Rev. Forrest Pritchett honored by the NAACP
Thursday, October 19, 2023
Rev. Forrest Pritchett
Inside the Core this week, we are thrilled that long-time faculty member, friend and supporter of the Core, Rev. Forrest Pritchett, is being honored at the Oranges and Maplewood, NAACP Branch group’s Freedom Fund Dinner and Awards, on Thursday, October 19, 2023 at the Cedar Hill Country Club in Livingston. Rev. Pritchett is receiving the President’s Award. This honor is well-deserved, and several of us who teach in the Core will be attending.
Rev. Dr. Forrest M. Pritchett is a long-time civil rights activist, mentor, and adviser. After graduation from Delaware State University, with a Woodrow Wilson Fellowship for promising future university professors, this Atlantic City native, studied Sociology at the New School for Social Research. With fifty-four years of experience in higher ed, including forty-five at Seton Hall, he currently serves as the director of the Martin Luther King, Jr. Leadership Program and as a professor in Africana Studies and the University Core. Not only does he teach regularly in the Core, but he serves officially on the Core Advisory Board and unofficially as a friend and mentor to the Director and other colleagues. We regularly co-sponsor events with Rev. Pritchett and the MLK Leadership Program, including what has now become an annual event – Romero-King Week, where we honor St. Oscar Romero and Rev. Martin Luther King, Jr. with two vigils on the green, one on the anniversary of Romero’s assassination on March 24, 1980 and the other on King’s assassination on April 4, 1968. Between the two events we make films about the two martyrs available to faculty and students and sometimes have an additional speaker. Another very important event, co-sponsored by the MLK Leadership Program, the University Core, and the Law School, was the talk given by Bryan Stevenson, author of Just Mercy and famed founder of the Equal Justice Initiative on November 7, 2021. Stevenson received an honorary doctorate from Seton Hall during the program.
Rev. Pritchett recalls similarly meaningful occasions in the past. For example, he remembers having the two eldest daughters of Rev. King and Malcolm X perform a dance together at Seton Hall many years ago. Throughout his decades at Seton Hall, he functioned as the former Interim Director of Africana Studies; Senior Adviser to the Provost for diversity, equity, and inclusion; Assistant Dean of the Black Studies Center; a faculty mentor in Freshman Studies, an adjunct professor in the departments of Interdisciplinary Studies, Religious Studies, and the program director of the Seton Hall Gospel Choir. He is known well for coordinating the annual MLK, Jr. Day Symposium, which provides academic credit and perspectives on racism, privilege, and justice while educating students and teachers on the leadership principles of MLK as a civil rights activist. The MLK program at Seton Hall is among the oldest such programs in the United States. He doubled the size of the MLK Leadership Program to eighty students. Each participant receives a $6,000+ scholarship.
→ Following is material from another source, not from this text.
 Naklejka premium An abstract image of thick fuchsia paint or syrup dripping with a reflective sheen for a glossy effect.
Rev. Pritchett and student athlete Alexis Lewis honored at game
Because he is someone who has inspired generations of Pirates through his many roles and has contributed greatly to numerous campus organizations, the University continues to embrace Rev. Pritchett as a servant leader and a pillar amongst the campus community. He has helped in many ways to challenge the University to be and do better. In 2003 he received Seton Hall’s highest honor, the McQuaid medal. More recently, he was honored at a Pirates Game, along with student athlete Alexis Lewis, for a Great Minds of the Game Program, on Feb. 24, 2020. He and his wife Rev. Barbara Pritchett were trained by the King Center in Kingian nonviolence. His nonprofit agency development work includes childcare, reading, rites of passage, inter-faith collaboration and support services to the families of the incarcerated. He is a frequent lecturer in the prison system. In 2016 he received the President’s Lifetime Achievement Award from the Cooperation for National and Community Service and Office of the President of the United States, President Barack Obama.
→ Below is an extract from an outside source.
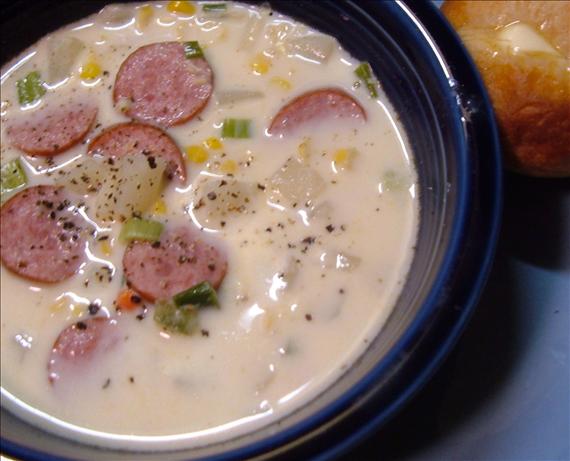 30 Minute Smoked Sausage and Corn Chowder. Photo by newspapergal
One of the many benefits of knowing Rev. Pritchett is that his memory reaches back to the crucial early days of the civil rights movement. A member of SNCC (the Student Non-Violent Coordinating Committee), he participated in protests while a young college student, activity that, at first, worried his mother greatly, until she had her own “journey of transformation” and became a protestor herself. Throughout the dangers of those days, Rev. Pritchett recalls that it was only through his faith that he found the strength to keep going.
We are very grateful that Rev. Pritchett continues the work he began as a young civil rights activist in his many roles here at Seton Hall, where he still seasons everything he does with faith and prayer. We in the Core celebrate this honor bestowed on our friend and hope he continues for many more years as a servant leader of faculty, administrators, and students.